Exploring the first website a bit, I was also really fascinated by the samples of Homeric singing. It is very different from seeing the words on the page, or even from hearing them spoken. Thanks for the links.
posted by greycap at 12:44 AM on October 2, 2005


I have a slight issue with the use "ancient Greek" or even "Classic Greek". It should of course be "Classic Attic Greek", since this was by all indications not how Greek was pronounced in Miletus or in Boeotia.

Another small issue is that this pronounciation glosses over the difficulties, in a way that's sure to get them wrong: i.e. the double consonants are pronounced the way single consonants are, zeta is pronounced "Z" (and not "zd" or "dz" which are more likely pronounciations), initial rho pronounced without aspiration etc.
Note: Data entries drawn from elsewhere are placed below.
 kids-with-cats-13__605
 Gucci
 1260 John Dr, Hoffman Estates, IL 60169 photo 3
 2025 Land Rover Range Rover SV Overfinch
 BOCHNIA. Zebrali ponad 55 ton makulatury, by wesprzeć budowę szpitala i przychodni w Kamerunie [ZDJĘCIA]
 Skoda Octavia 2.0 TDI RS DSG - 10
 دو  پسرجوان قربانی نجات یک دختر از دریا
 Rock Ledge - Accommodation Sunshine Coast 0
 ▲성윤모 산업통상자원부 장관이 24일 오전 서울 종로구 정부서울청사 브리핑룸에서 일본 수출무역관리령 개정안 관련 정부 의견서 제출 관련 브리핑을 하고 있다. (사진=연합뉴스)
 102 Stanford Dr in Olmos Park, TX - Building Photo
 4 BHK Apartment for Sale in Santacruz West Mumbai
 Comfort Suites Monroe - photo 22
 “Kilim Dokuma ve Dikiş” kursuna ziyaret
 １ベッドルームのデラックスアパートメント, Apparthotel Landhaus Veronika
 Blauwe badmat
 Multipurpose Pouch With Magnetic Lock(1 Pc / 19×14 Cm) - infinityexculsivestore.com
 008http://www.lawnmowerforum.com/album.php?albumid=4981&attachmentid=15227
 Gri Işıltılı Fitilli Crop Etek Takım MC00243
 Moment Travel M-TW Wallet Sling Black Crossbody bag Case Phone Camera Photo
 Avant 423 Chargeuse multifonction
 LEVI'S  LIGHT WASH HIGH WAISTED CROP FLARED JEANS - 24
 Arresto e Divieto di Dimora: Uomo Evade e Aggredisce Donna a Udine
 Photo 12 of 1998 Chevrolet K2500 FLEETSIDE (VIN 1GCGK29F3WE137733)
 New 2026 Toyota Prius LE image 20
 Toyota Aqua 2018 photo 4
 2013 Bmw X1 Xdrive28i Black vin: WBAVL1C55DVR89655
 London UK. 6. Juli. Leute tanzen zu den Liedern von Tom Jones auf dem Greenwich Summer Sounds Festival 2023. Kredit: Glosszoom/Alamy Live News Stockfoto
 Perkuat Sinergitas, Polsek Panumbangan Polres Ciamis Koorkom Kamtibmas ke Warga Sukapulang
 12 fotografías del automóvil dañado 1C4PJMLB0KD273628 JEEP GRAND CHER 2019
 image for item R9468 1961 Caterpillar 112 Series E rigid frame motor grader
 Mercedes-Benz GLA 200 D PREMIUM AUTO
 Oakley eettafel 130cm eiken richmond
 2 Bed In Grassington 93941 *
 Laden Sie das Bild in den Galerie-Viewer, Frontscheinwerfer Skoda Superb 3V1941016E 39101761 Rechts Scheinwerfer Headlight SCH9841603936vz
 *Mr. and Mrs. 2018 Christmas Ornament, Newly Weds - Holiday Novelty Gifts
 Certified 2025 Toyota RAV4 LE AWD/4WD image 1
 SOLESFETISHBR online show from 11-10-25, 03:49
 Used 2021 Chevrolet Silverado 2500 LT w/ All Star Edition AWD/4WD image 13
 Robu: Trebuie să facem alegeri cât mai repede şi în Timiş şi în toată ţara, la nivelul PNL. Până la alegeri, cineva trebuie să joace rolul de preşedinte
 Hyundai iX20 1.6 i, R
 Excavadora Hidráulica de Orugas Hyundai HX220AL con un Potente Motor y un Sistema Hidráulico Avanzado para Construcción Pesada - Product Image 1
But anyway, quite illuminating...
posted by talos at 5:20 AM on October 2, 2005


I think "classic Greek" is implicitly Attic and/or Homeric
posted by Ethereal Bligh at 5:38 AM on October 2, 2005


Another rendition by Stephen G. Daitz. Speaking as a Greek-American, one of the funniest things I've ever heard.
posted by longdaysjourney at 8:54 AM on October 2, 2005


When it comes to the value of consonants and vowels, the mass of evidence does allow for pretty detailed and thorough conclusions about ancient Greek pronunciation.

In my opinion, there is an important difference w/ our understanding of the pitch accent. On paper, it looks like we know just as much about it, but this kind of knowledge is much less useful in creating a credible recitation than our knowledge about consonants and vowels. When you attempt such a recitation, you realize that this evidence is really less precise and more open to various interpretation.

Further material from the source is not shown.